The economy is faltering. The budget is deteriorating. And all this Administration says is that tax cuts will save us. They have pinned their hopes to ideological rhetoric. Meanwhile, the poor, beleaguered American taxpayer gets stuck with bigger debt and more interest costs.
The Congress has struggled for weeks about whether to endorse the President's tax cut proposals. For a while, there appeared to be a glimmer of hope on the horizon. A number of Senators, despite immense pressures from the White House and their party leadership, voted their conscience. Tax cuts were trimmed so that funds could be set aside to pay for the war, for deficit reduction, and for the other priority needs of the nation.
What's more, the Senate sought to create parity between emergency designations for homeland security and defense spending.
This budget resolution effectively erases those decisions, and replaces them with a lot of nonsense that has already been rejected by this Senate.
We haven't the funds to pay for a war, let alone a massive new tax cut. Our only option is to go deeper and deeper in debt. How deep we are going to go is anybody's guess, but one thing is sure: Our children and grandchildren will still be paying the tab many years hence.
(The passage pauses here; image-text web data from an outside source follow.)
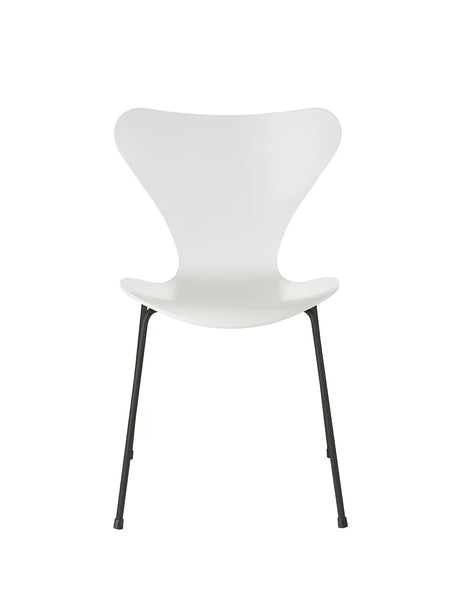 3107 Serie 7 stol lakeret af Arne Jacobsen - Hvid / Warm Graphite - Jacobsen Plus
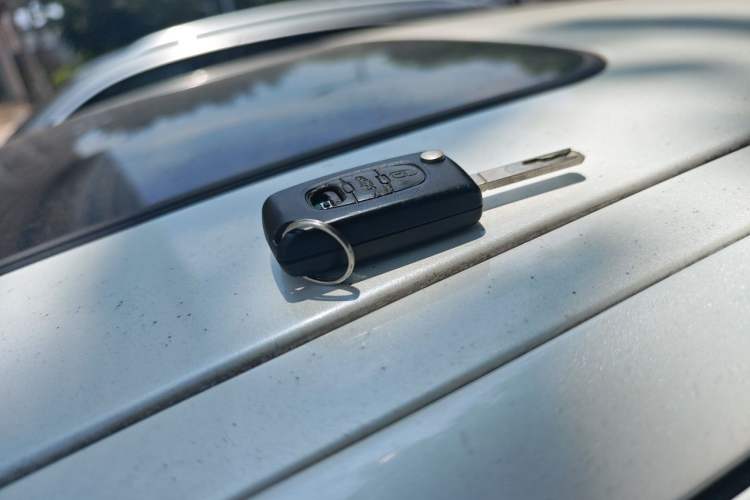 Used Peugeot 408 2013 2.0L Automatic Luxury Edition Vehicle Key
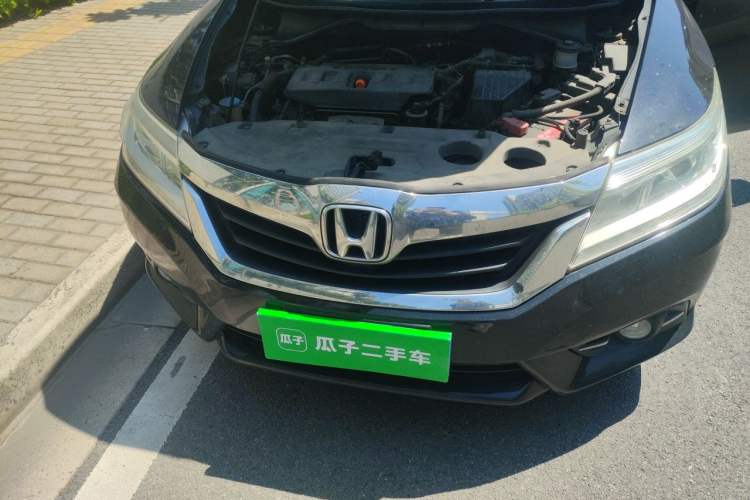 Used Honda Crider 2013 1.8L automatic luxury edition Engine Bay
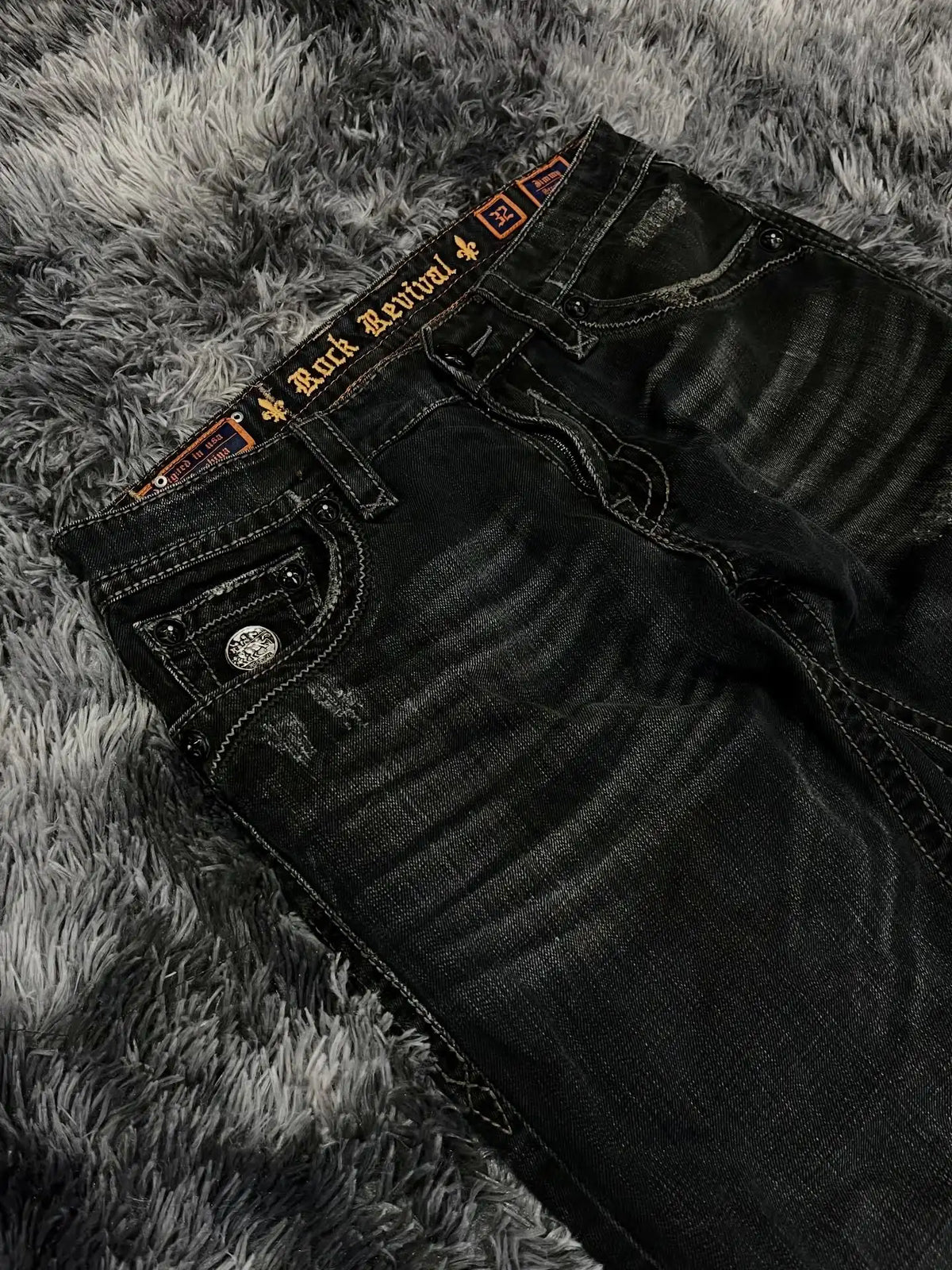 Damen Jeans Schwarz Bootcut Used-Look mit Ketten-Detail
We hear the cry for stimulus through tax cuts. I say bunk! Economic stimulus is a code word for covering your political backside. The economy of this nation has been mismanaged by those who put protecting their political base instead of enacting sound economic policy. If all we had to do was to pass massive tax cuts every time the economy began to stumble, if it was just that simple, we would have done away with recessions in the last century.
President Ronald Reagan had the common sense to recognize the consequences of long-term deficits and the courage to repeal portions of his own 1981 tax cut. President George Herbert Walker Bush likewise recognized the dangers of long-term deficits and signed legislation to increase taxes in 1990. But this Administration refuses to recognize how badly its economic policies are failing. They can only stubbornly argue for more of the same, more tax cuts.
It was unwise, unfair tax cuts which helped to push the budget into deficit in the first place. The much touted stimulus to the economy did not happen. The only thing these tax cuts will stimulate is campaign contributions from fatcats.
The budget process is supposed to provide this Congress with a road map that will guide us toward reasonable spending and tax policy. But under this budget resolution, the war and post-war reconstruction will not be paid for, deficits and debt will continue to pile up, and the American taxpayer won't even know that the nation has veered off the road until the economy is on its back -- spinning its wheels -- deep, deep inside of the deficit ditch.
In The New York Times on Wednesday, Sam Nunn, Warren Rudman, Bob Kerrey, Peter Peterson, Robert Rubin, Paul Volcker – Republicans and Democrats, moderates and conservatives, former Federal Reserve and Treasury officials – they all joined together to warn us not to do exactly what we are about to do. They urged us not to rely on unrealistic budget assumptions, not to ignore the deteriorating long-term fiscal outlook, and not to enact these fiscally irresponsible proposals.
This budget makes promises to the American public that we know we cannot keep. It piles years of interest and debt payments on the public, and then tries to obscure them with the promise of economic stimulus.
I oppose that kind of manipulation. I oppose not being forthright with the American people. I oppose this budget resolution.